Wednesday, December 18, 2013

U.S. Olympic Delegation Includes Athletes Who Are Gay Argyll Free ...

The Winter Olympics in Solchi, Russia are less than two months away. The delegation from the U.S. will not include any members of President Obama’s family or a Cabinet member, but the group will have athletes that are openly gay – a clear jab at the recently approved anti-gay laws in the host country.

Billie Jean King, the tennis legend will join Janet Napolitano the former Secretary of Homeland Security and Brian Boitano the figure skater at the opening ceremonies February 7, said the White House.

Rob Nabors an aide at the White House and the ambassador to Russia from the U.S. will round out the Sochi delegation.

King was one of the first athletes at a professional level to come out in the 1980s as gay.

William Burns the Deputy Secretary of State will lead the U.S. delegation at the closing ceremony. Joining him will be speed skaters Eric Heiden and Bonnie Blair, along with Caitlin Cahow a hockey player who is also openly gay.
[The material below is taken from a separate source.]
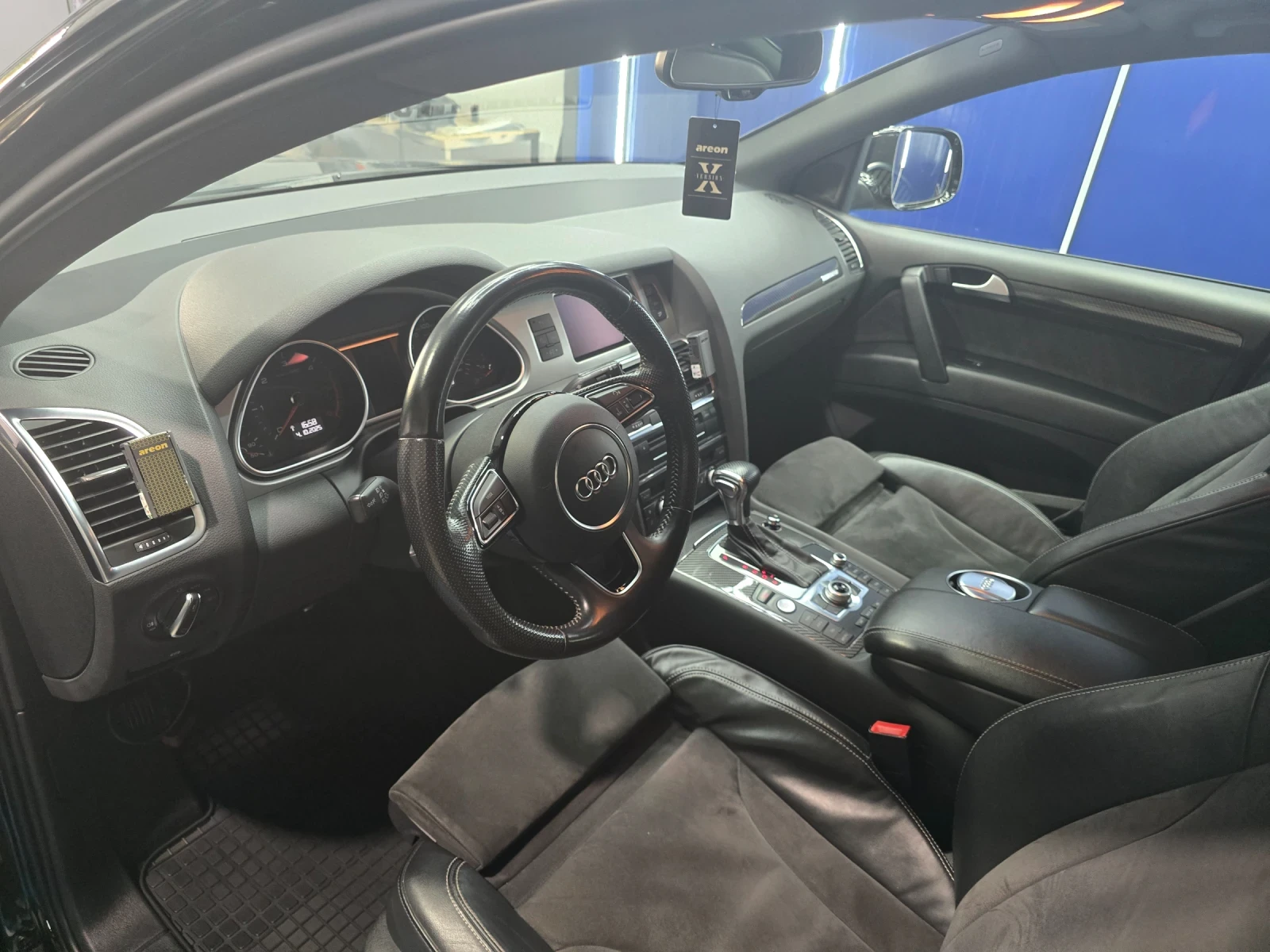 Audi Q7, снимка 4 - Автомобили и джипове - 56359333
It is just the first time in over a decade that the President, First Lady, Vice President or a former president has not been in attendance for the opening or closing ceremonies for the Olympics.

For the Summer 2012 London Olympics, the U.S. delegation was led by Michelle Obama the First Lady, and then President George Bush went to China in 2008 for the games in Beijing.

Joe Biden the U.S. Vice President and his wife led a group from the U.S. to the most recent Winter Olympics in Vancouver. Not sending a high-ranking official from the U.S. amounts to nothing more than a snub at Russia, whose diplomatic relations with the U.S. have been fractured over the last 12 months.

Russia granted Edward Snowden the admitted leaker of NSA documents temporary asylum and Vladimir Putin the President has used the veto power of Russia in the U.N. Security Council to block U.S. action against Syria.

Obama also canceled a September meeting with the Russian President, though they both met in the Group of 20 meetings in St. Petersburg.

Fueling problems with Russia are new laws that ban gay propaganda in Russia that critics say are so vague anyone could be prosecuted for just wearing the rainbow T-shirt.